***** Supplied information *****
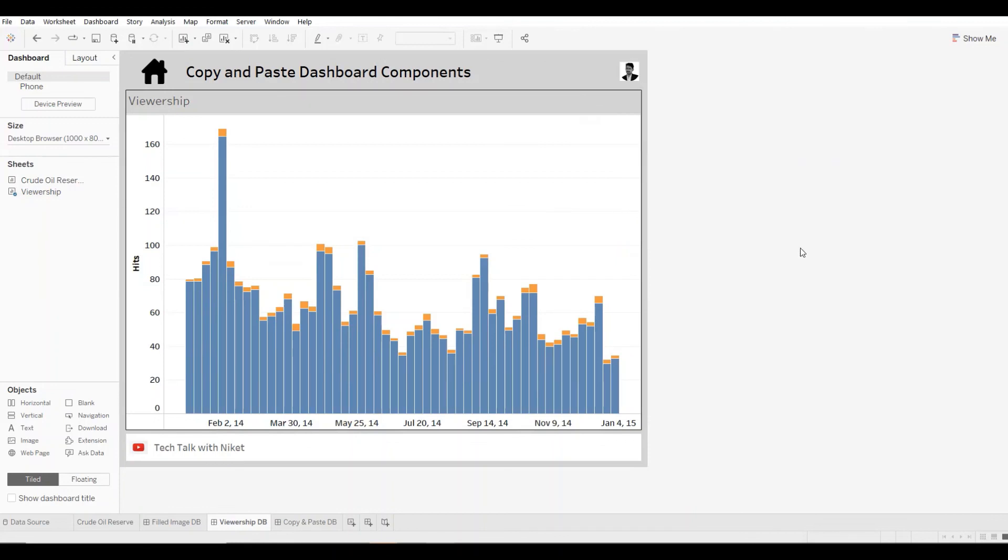So like this, simply by using Ctrl+C and Ctrl+V, you can copy and paste dashboard components. This will help you a lot in saving time, having symmetry, creating a nice clean dashboard, and in a lot of different ways.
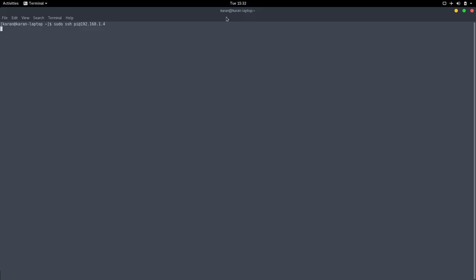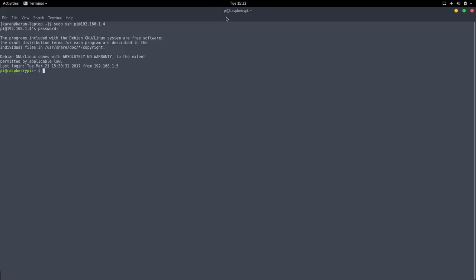And then we enter and this asks for the password. When we first SSH into the Raspberry Pi, it gives us a warning that we're connecting to an unknown device. Just answer yes, then enter the password and now we're in.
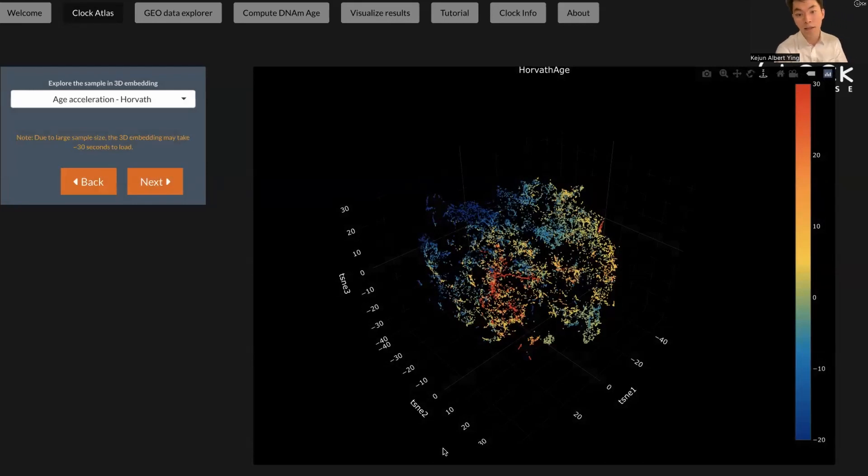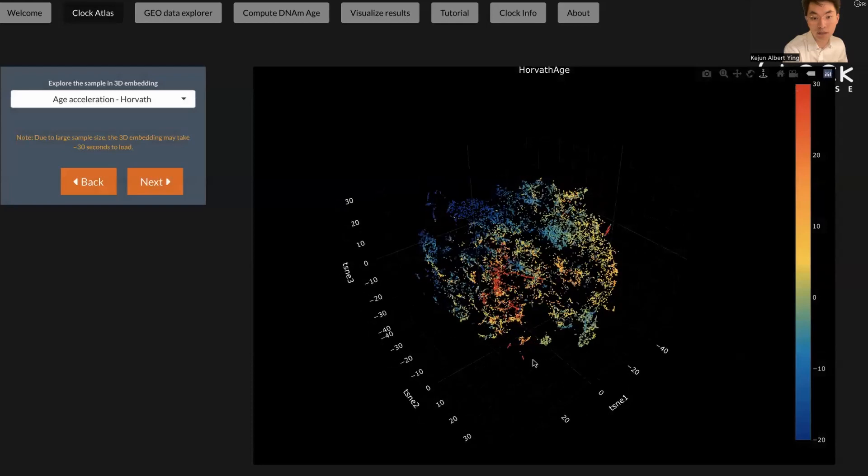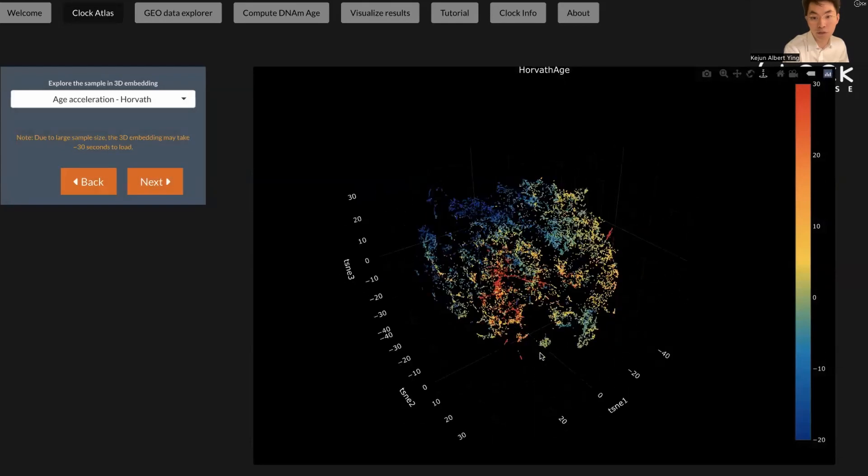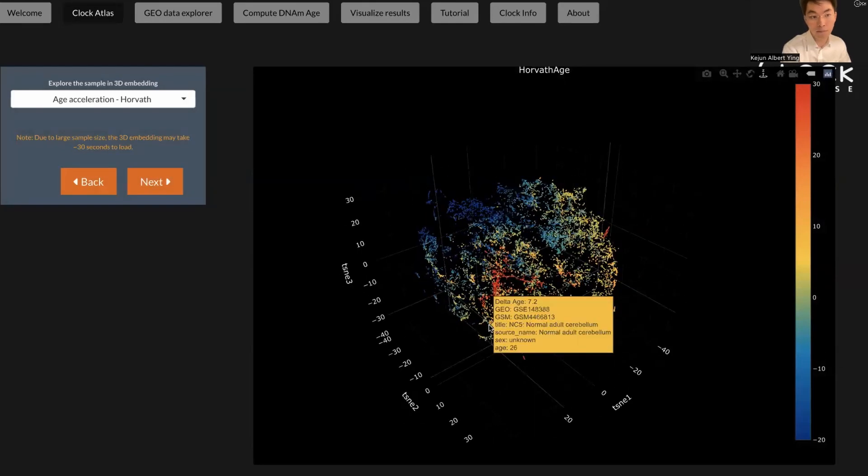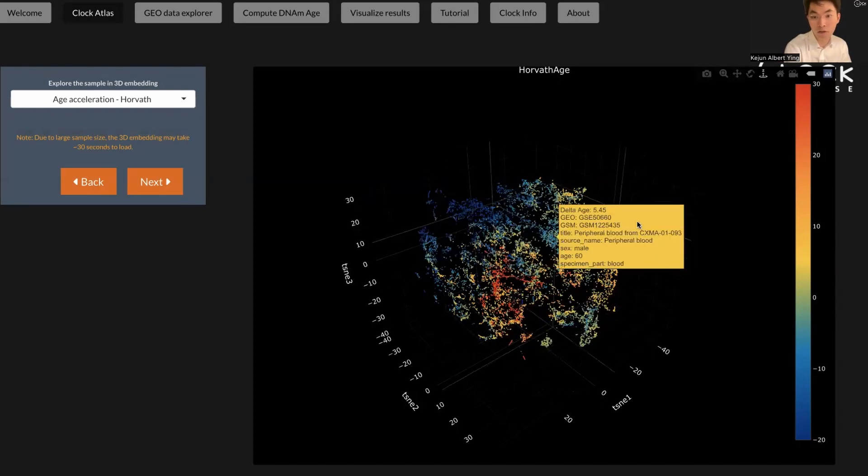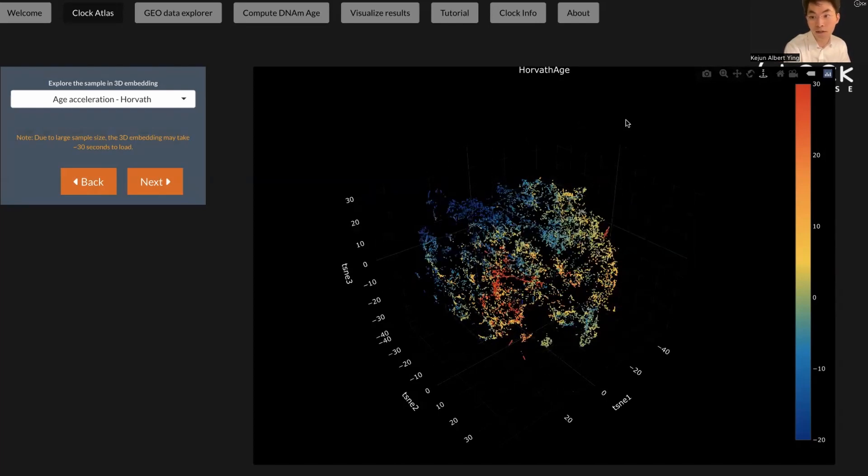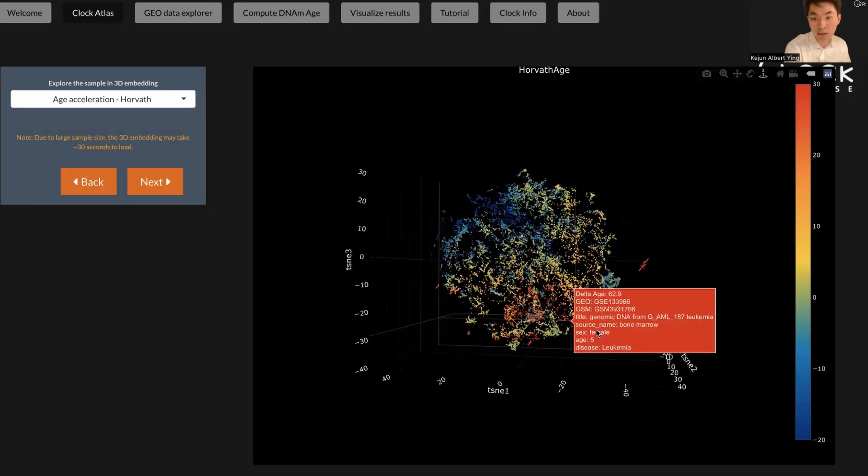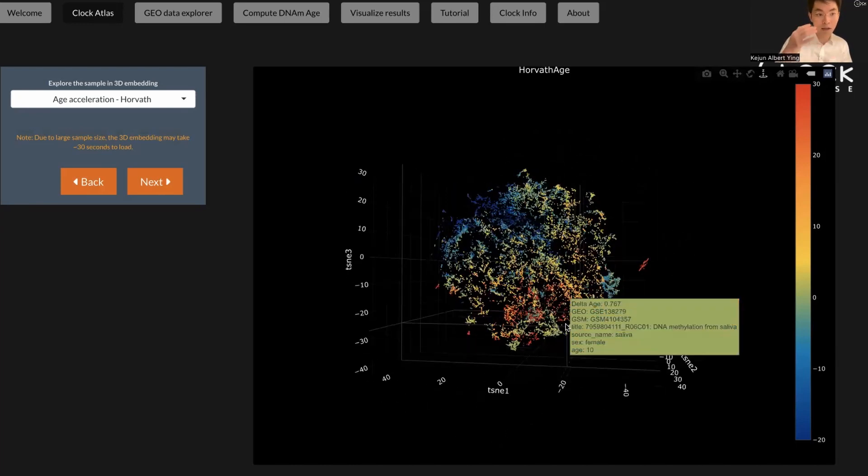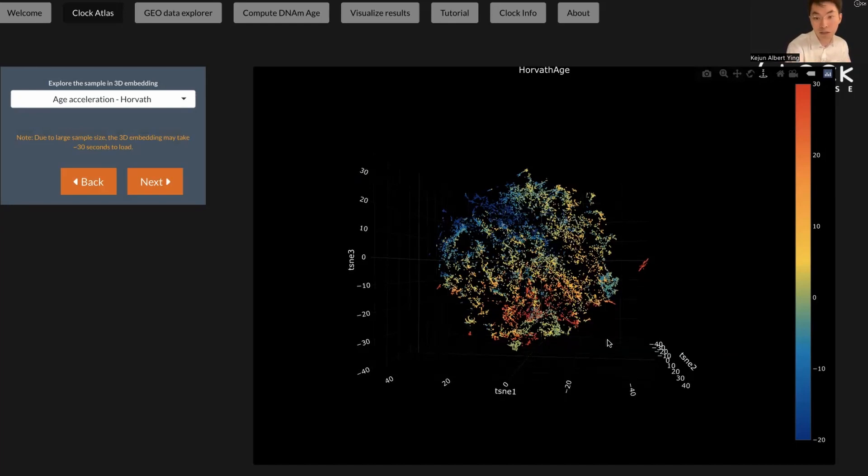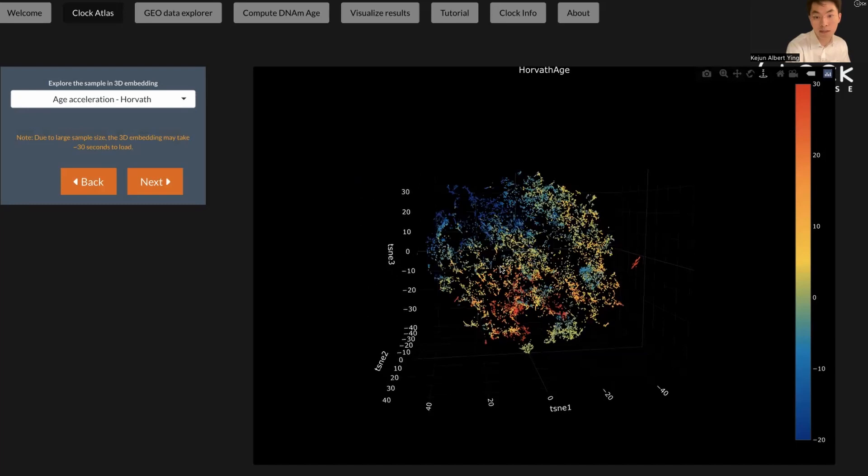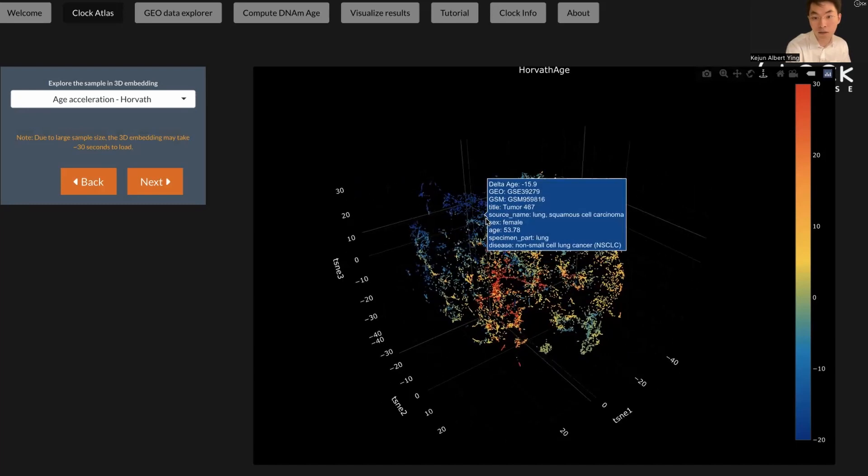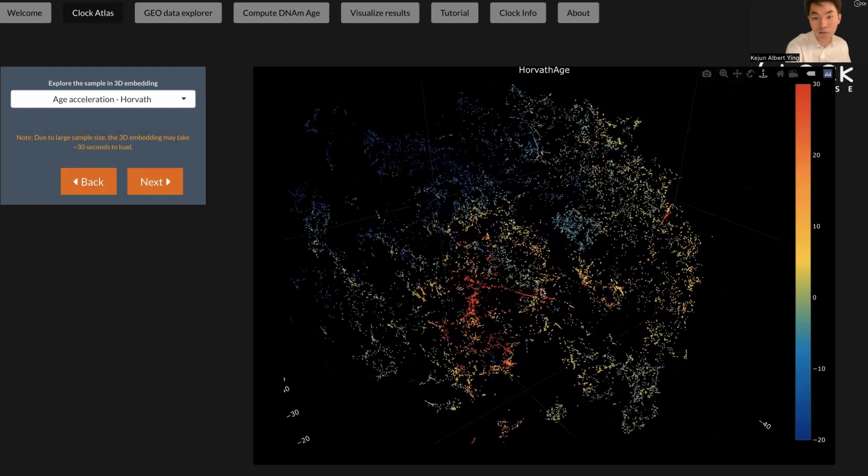Here it contains an interactive 3D t-SNE plot that shows all the GEO samples we processed for humans. The color scheme represents Horvath's age acceleration, which basically means that if the sample shows as red, it means they aged faster than their peers. Basically, their biological age is much older than their chronological age, and vice versa. The blue points means these samples are actually younger than their actual age.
*****
▶ Work request: Write out the whole listing exactly. Pictures stay out.

▶ Solution to this problem:
So like this, simply by using Ctrl+C and Ctrl+V, you can copy and paste dashboard components. This will help you a lot in saving time, having symmetry, creating a nice clean dashboard, and in a lot of different ways.
And then we enter and this asks for the password. When we first SSH into the Raspberry Pi, it gives us a warning that we're connecting to an unknown device. Just answer yes, then enter the password and now we're in.
Here it contains an interactive 3D t-SNE plot that shows all the GEO samples we processed for humans. The color scheme represents Horvath's age acceleration, which basically means that if the sample shows as red, it means they aged faster than their peers. Basically, their biological age is much older than their chronological age, and vice versa. The blue points means these samples are actually younger than their actual age.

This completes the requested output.